Lord Alistair Lockwood
Current head of the Lockwood Estate.
Wood Elf.
Extremely wealthy.
Member of the ruling council of Arborcea.
Takes great (too much) pride in his house, name, and family.
Has a short temper and is quick to bring it out on those who displease him.
Loves his [legitimate] sons, although he's not good at showing it, at least not in healthy ways.
Had an affair with a human woman ~27 years ago that resulted in Rook's birth.
One of the key players in placing Arborcea under Elven rule.
Very well-respected among the other nobles.
Stubborn and prideful, even arrogant. (His eldest son, Silas, takes after him in this regard.)
Despite his prominent place on the council, he hungers for more. More power, more wealth, more influence.

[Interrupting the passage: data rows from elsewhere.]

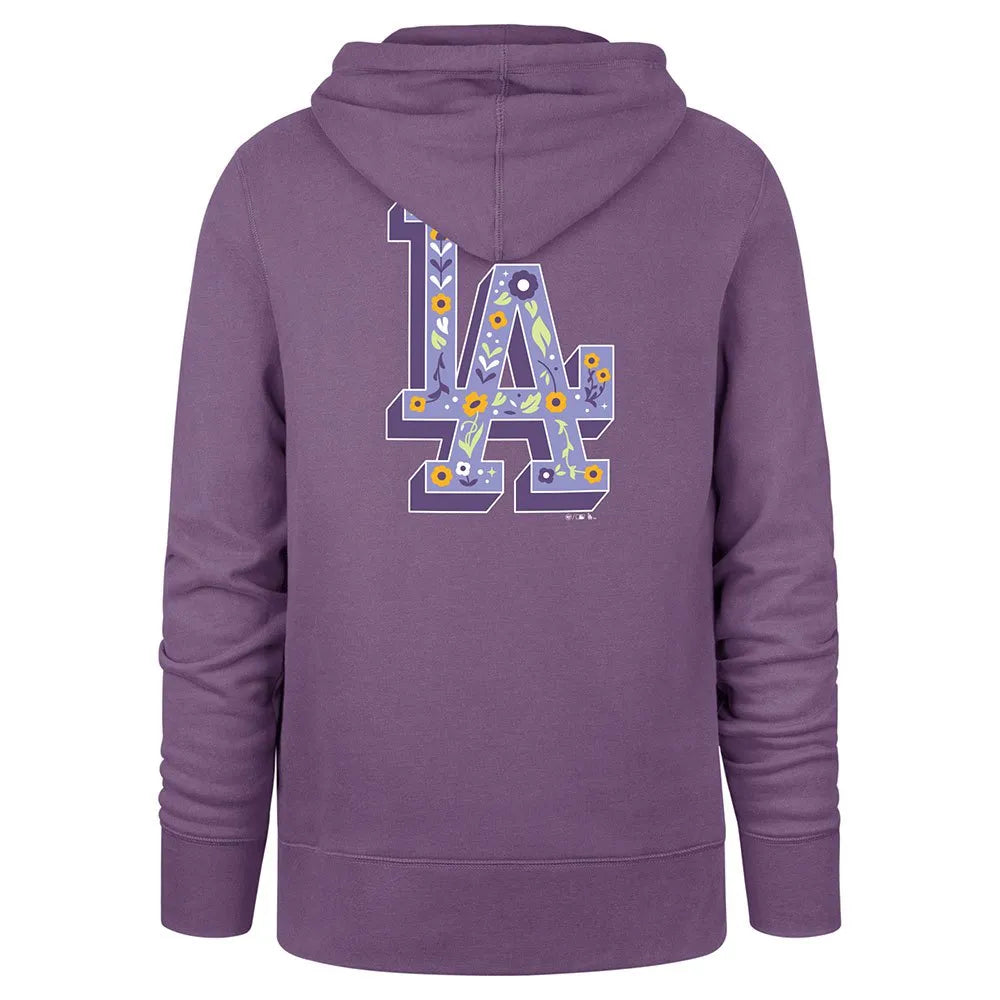 '47 BRAND : Felpa con cappuccio MLB Los Angeles Dodgers Backer Drop Shoulder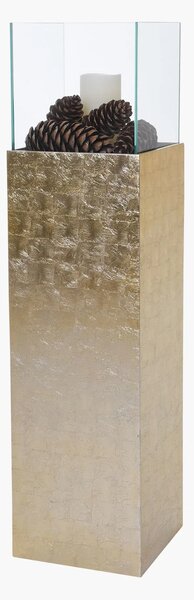 Svietnik CANDELA, sklolaminát, výška 100 cm, zlatý lesk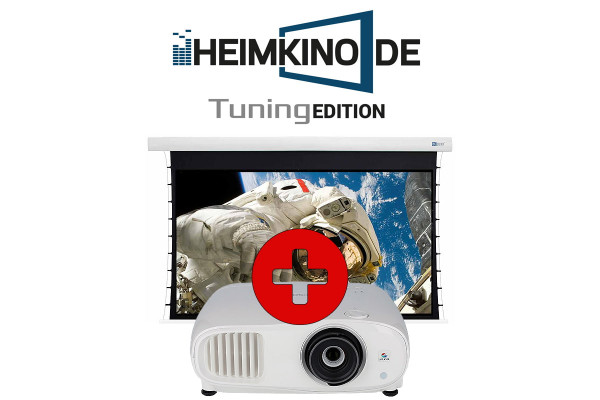 Set: Epson EH-TW7000 + DELUXX Darkvision Tension Motorleinwand | HEIMKINO.DE Tuning Edition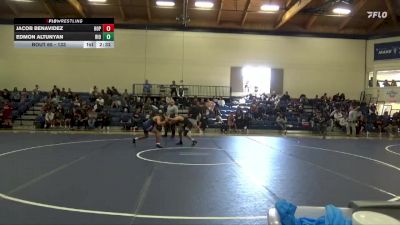 133 lbs Cons. Round 1 - Edmon Altunyan, Rio Hondo College vs Jacob Benavidez, Hope International University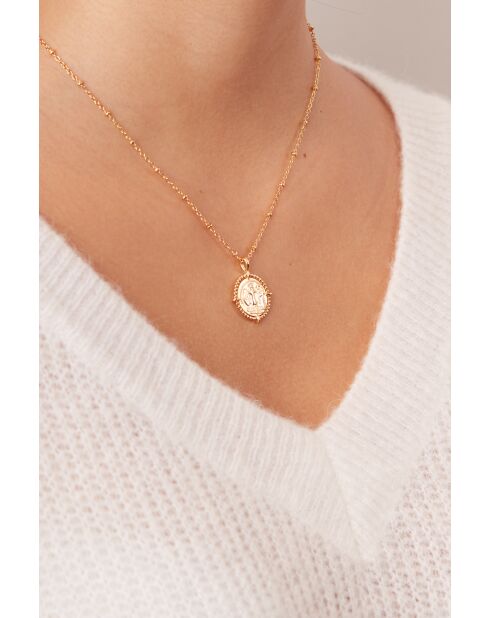 Collier Cléopatre en laiton doré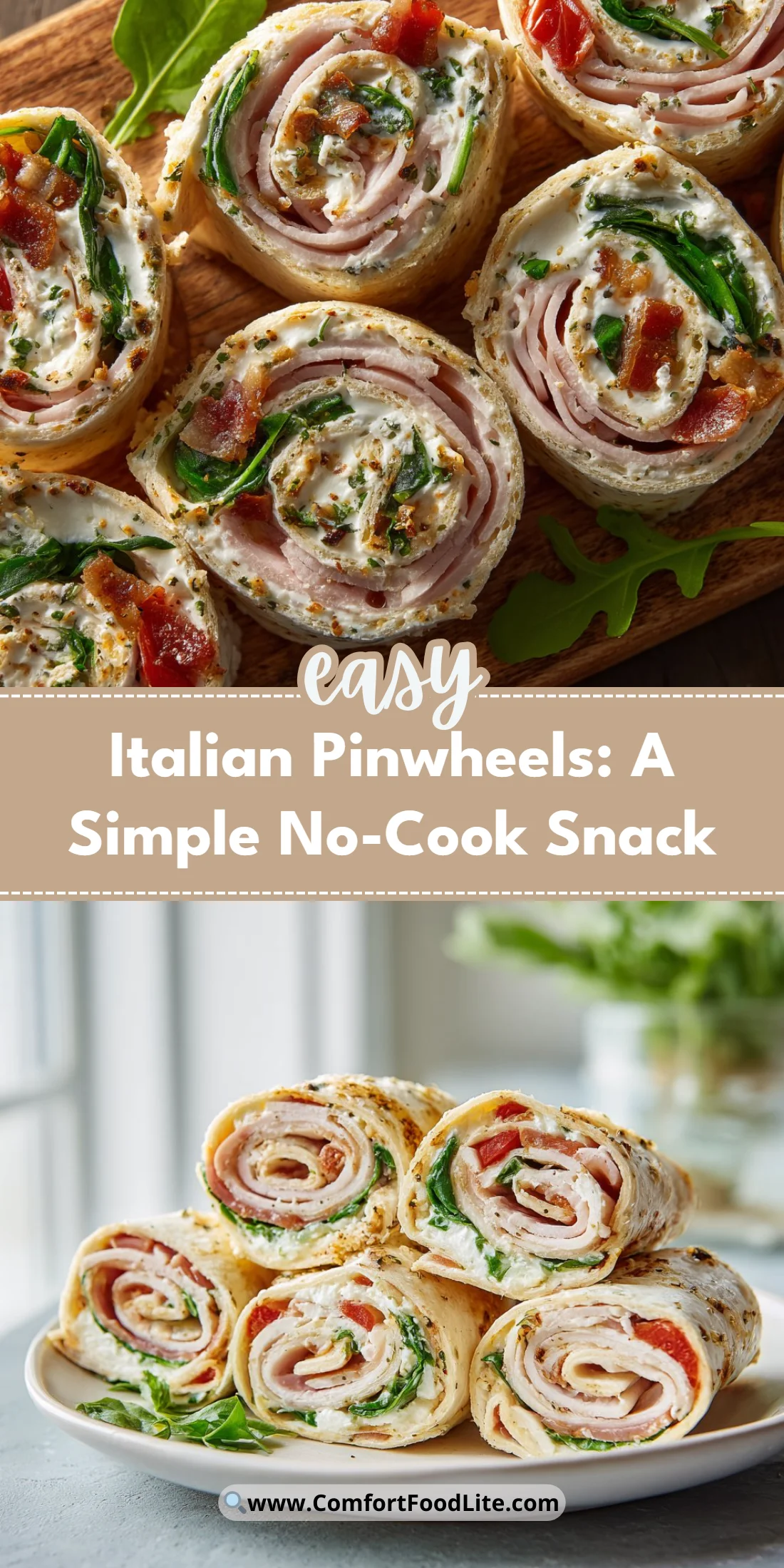 Italian Pinwheels: A Simple No-Cook Snack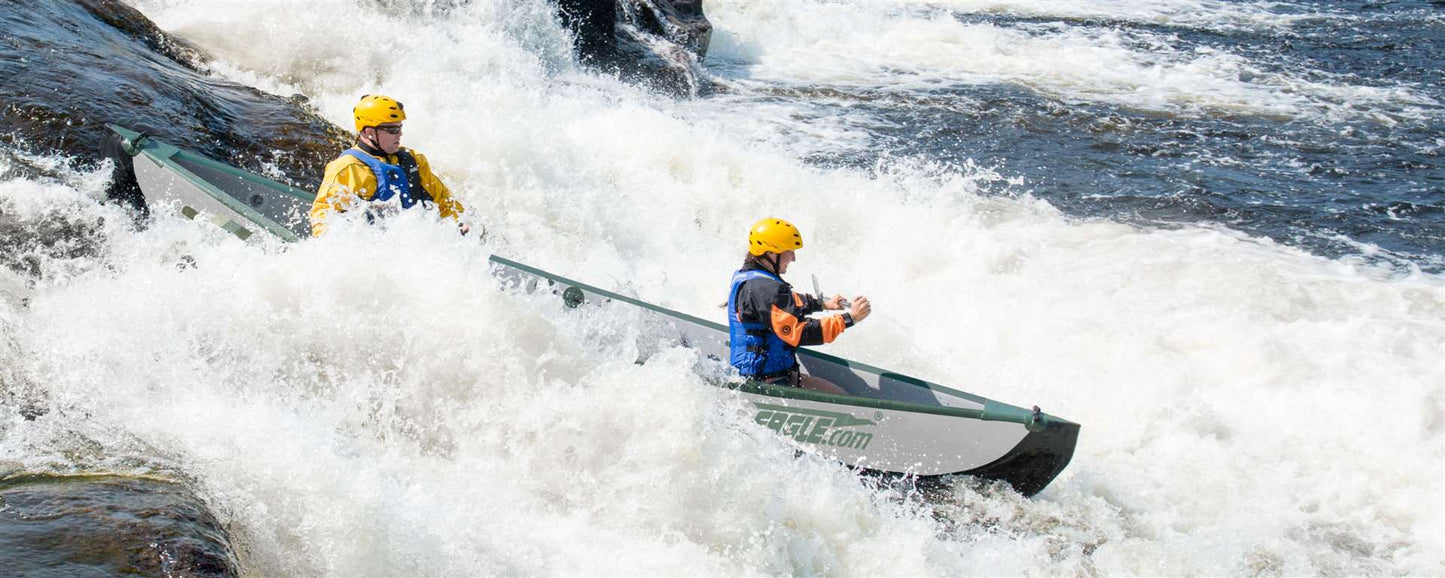 Sea Eagle Travel Canoe 16 Wood/Web Seats 2 Person Start Up Package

Very traditionalist/old-fashioned.
A strict father, but well-respect and even idolized by his [legitimate] sons.
Lady Evangeline Lockwood
Lady of the Lockwood Estate.
Eldest daughter of another of Arborcea's noble houses.
High Elf.
Her and Alistair's marriage was an arranged one for politics and money, not love.
Strongly begrudges Alistair for the affair that led to Rook's existence, and has not forgiven him yet. (26 years is a blink of an eye for an elf.)
Despite this, will forever and always keep up appearances of a happy and faithful couple. (Even when they are alone, she hardly ever shows her displeasure with Alistair.)
Was thrilled when Rook ran away, because it meant that there was no longer a constant reminder of her husband's infidelity and shame wandering the halls of her house.
Vain, and always fishing for compliments from everyone around her.
Cleverer than she lets on.
Her sons are her greatest love and pride. They can do (almost) no wrong in her eyes. (However, damaging the image of house Lockwood does count as wrong.)
Has tea gatherings with the other noble ladies where they talk shit about anything and anyone.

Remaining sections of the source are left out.